One of the many people in attendance at this event was junior photography student Hannah Locklear. This was her first time attending a slam poetry event.
“She’s really powerful. I think the piece that got me most was the one about how she started to doubt her faith, because I relate to that,” Locklear said. “I was raised in a strict Christian household and the moment that I started to doubt what I was taught was a really big one. And her quote, she said, ‘Once the seed of doubt is planted in turn, always thirsty,’ really stuck also.”
After this event, Locklear said she plans on attending more events like this and would even possibly consider getting up and performing a piece one day.
On top of being a performer, Katwiwa also has her hand in many other projects, one including the New Orleans Youth Open Mic.
Created four years ago, Katwiwa and several other poets put a show together using different resources, networks and contacts.
“That was a labor of love that myself and some other poets do because we don’t really have an active youth scene right now, even though a good number of us came from youth poetry scenes. We know the value of it.

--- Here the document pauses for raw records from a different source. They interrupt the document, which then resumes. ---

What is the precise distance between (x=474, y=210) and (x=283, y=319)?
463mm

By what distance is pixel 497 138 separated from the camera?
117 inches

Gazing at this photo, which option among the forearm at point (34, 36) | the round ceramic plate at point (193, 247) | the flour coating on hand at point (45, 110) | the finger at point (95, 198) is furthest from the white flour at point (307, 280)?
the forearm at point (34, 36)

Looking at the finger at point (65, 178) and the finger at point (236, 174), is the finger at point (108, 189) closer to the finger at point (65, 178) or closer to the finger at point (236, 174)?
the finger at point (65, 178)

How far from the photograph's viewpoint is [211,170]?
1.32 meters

We know how important it is for young people’s development in terms of their writing voice and their writing practice,” Katwiwa said.
Katwiwa also works for Women With a Vision, a community-based social justice non-profit organization. Created by and for African-American women 30 years ago, the organization exists in response to the spread of HIV and AIDS in minority communities.

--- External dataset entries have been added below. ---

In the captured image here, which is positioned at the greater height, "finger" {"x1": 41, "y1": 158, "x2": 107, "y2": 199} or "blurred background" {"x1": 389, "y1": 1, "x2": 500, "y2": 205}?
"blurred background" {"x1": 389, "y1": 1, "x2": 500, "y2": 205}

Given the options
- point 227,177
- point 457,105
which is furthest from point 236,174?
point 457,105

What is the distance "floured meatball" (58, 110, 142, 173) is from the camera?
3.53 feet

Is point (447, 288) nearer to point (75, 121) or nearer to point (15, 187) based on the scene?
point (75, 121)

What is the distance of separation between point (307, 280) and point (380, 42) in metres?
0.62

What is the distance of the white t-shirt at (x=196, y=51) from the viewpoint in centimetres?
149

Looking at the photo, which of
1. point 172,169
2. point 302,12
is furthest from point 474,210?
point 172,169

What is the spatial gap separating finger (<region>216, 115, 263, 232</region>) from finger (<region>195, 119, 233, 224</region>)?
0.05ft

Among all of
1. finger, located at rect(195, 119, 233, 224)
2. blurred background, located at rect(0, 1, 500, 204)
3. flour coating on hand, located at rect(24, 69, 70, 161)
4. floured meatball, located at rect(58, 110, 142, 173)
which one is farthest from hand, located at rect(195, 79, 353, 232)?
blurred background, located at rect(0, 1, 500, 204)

The issues they are currently tackling include sex worker rights, drug policy reform, HIV positive women’s advocacy and reproductive justice outreach.
“I run a program there, social justice education and leadership and development and sisterhood. Redefinition for black girls in New Orleans, it’s just called young living,” Katwiwa said.
Back in the Grotto, Katwiwa opened the floor for a Q&A. During this portion of the show, she expressed how there was really no such thing as a slam poet and how slam was really only the name of a competition for poetry. So anyone starting off should not call themselves a slam poet since that is not what they are — they are a poet.
“My advice for beginners is that you should just work on really cultivating and finding your own voice and not getting caught up in what you think people want to hear. Just staying true to what you know as your truth,” Katwiwa said.  
UNCA is just one of many stops for Katwiwa’s current tour, which includes several other college campuses. Some of her previous tours included traveling to places such as South Africa and Tanzania, where she shared her messages through poetry.
“I feel like this is what I’m supposed to be doing. When I think about what my role is, what feels most right or what feels most impactful, it feels like I can reach other folks,” Katwiwa said.